Hello I am getting a new site table saw currently I use both mafell and festool ..mafell rail saw and ks400 and 300 crosscut but festool kepex 120 so feet in both camps so to speak !
the Erica of course is a pull saw where as the festool is not but has safe stop …however stability and accuracy are important to me does anyone on here use either of these with first hand experience?
many thanks .


----------



## yorkshirepudding (21 Oct 2021)

I have had the Kapex 120 for around 6/7 years and have it bolted to my bench. It has proved reliable and accurate over all that time. Another advantage with the Kapex is that you can site it up to a wall, I don’t know about the Erica. 
I should point out I am a hobby woodworker so I guess you could say it is used lightly.


----------



## Tazio (21 Oct 2021)

I already have the kepex 120 I am interested in the TKS 80 table saw !


----------



## Doug71 (21 Oct 2021)

Definitely the Mafell!

I have heard one or two bad reports on the Festool TKS, mainly the table not being flat, someone on here got one and sent it back because of this.
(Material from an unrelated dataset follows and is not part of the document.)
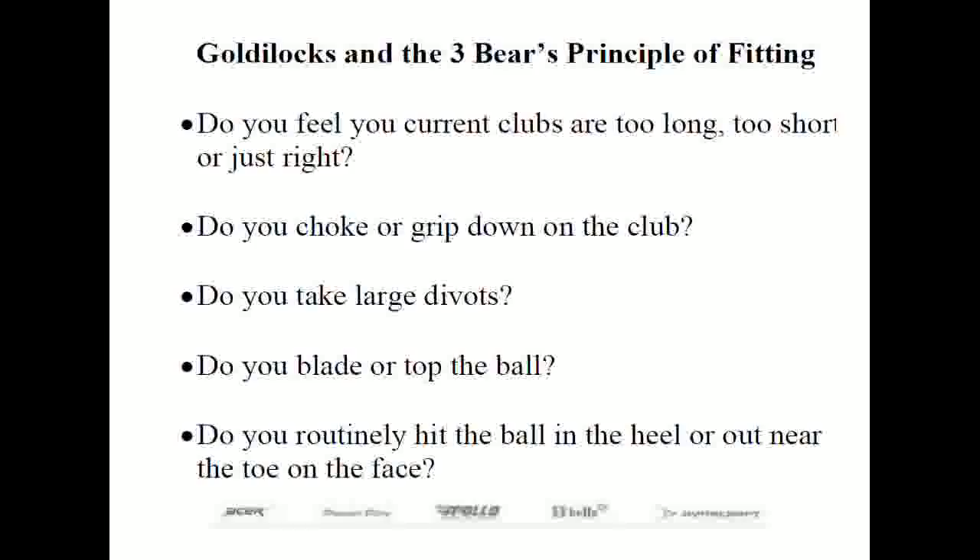Here are tell-tale signs that you have the wrong length clubs: do you tend to choke down on the club, take large divots, blade or top the ball, or hit near the heel or toe regularly? If yes, chances are you have the wrong length club. It all comes down to comfort and performance. Follow the Goldilocks principle: ask if your clubs feel too long, too short, or just right. A half inch of length one way or another can make the difference between splitting the fairway or neither.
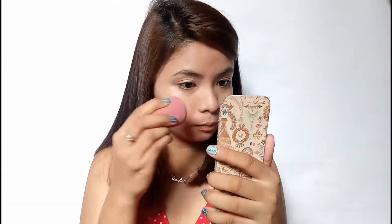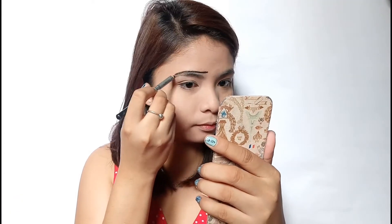First is foundation. After applying liquid foundation, we set it with powder. And we're done with our base — we can now start drawing, especially the eyebrows.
I get the impression the Festool is just a site saw and you are paying the premium for the brake. The Mafell has many more features if you can live without the brake.

If I was looking to spend that kind of money on a site saw it would be the Mafell without question.


----------



## Tazio (21 Oct 2021)

Yes being a mafell user jigsaw kss400 and 300 I favour the Erica however having recently purchased the kepex 120 and a couple of festool routers I have been quite impressed.


----------



## Jake (21 Oct 2021)

I would ignore the TKS which I think is driven by employer liability rather than usefulness, and instead compare the Erika and the CS70 which are actually like for like. The former has more cutting capacity but is basically a really old and comparatively crude design. The CS70 is leagues ahead of it on everything but capacity.


----------



## Lefley (22 Oct 2021)

Looks like they are only shipping* the festool cs70 to the EU, Switzerland and Norway. No where else.


----------



## Tazio (22 Oct 2021)

In what sense can it be leagues ahead of an Erica ! There’s only so much you can do with a sliding table good accurate fence and pull facility which both of these have … as mentioned I have both festool and mafell and in my experience mafell are some way ahead of festool in terms of build quality . But festools routers etc are better in terms of usability !.


----------



## Jake (22 Oct 2021)

Try them and see.


----------



## Ollie78 (21 Nov 2021)

Mafell Erika 85, many clever uses because of the pull function. I saw one at a show years ago and wanted one ever since. Sawstop is nice but I would still get the Mafell.

Ollie


----------